**EXERCISE DETAILS:**
From the records below, set down exactly the lines starting with the line that contains "Kirklands Home Birch" and going on through the line that contains "Vicco Base universale". Nothing else is wanted.
++++ DATA EXTRACTS ++++
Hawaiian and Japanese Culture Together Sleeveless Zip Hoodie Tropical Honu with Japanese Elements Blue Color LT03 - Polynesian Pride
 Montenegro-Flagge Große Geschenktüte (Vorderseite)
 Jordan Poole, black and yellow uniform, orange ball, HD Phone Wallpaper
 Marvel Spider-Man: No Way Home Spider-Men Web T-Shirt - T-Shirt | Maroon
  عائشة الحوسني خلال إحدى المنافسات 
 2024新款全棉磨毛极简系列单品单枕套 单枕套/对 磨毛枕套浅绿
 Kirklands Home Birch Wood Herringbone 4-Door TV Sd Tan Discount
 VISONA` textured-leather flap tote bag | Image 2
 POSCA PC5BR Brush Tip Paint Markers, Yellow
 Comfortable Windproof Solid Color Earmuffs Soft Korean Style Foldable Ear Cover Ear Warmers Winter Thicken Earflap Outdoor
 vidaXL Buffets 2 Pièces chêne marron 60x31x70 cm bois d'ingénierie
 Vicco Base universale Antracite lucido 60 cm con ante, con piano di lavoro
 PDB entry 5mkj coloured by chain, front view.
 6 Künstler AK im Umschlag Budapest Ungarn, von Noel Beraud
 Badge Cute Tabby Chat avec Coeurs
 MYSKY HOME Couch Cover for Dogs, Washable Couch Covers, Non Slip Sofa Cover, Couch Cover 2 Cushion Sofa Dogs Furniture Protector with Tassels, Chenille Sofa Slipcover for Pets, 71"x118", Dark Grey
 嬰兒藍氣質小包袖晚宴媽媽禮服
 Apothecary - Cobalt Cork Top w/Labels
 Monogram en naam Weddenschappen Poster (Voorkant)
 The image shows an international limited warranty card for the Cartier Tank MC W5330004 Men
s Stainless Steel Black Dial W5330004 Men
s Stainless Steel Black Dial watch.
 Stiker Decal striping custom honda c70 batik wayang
++++
**PROBLEM SOLUTION:**
 Kirklands Home Birch Wood Herringbone 4-Door TV Sd Tan Discount
 VISONA` textured-leather flap tote bag | Image 2
 POSCA PC5BR Brush Tip Paint Markers, Yellow
 Comfortable Windproof Solid Color Earmuffs Soft Korean Style Foldable Ear Cover Ear Warmers Winter Thicken Earflap Outdoor
 vidaXL Buffets 2 Pièces chêne marron 60x31x70 cm bois d'ingénierie
 Vicco Base universale Antracite lucido 60 cm con ante, con piano di lavoro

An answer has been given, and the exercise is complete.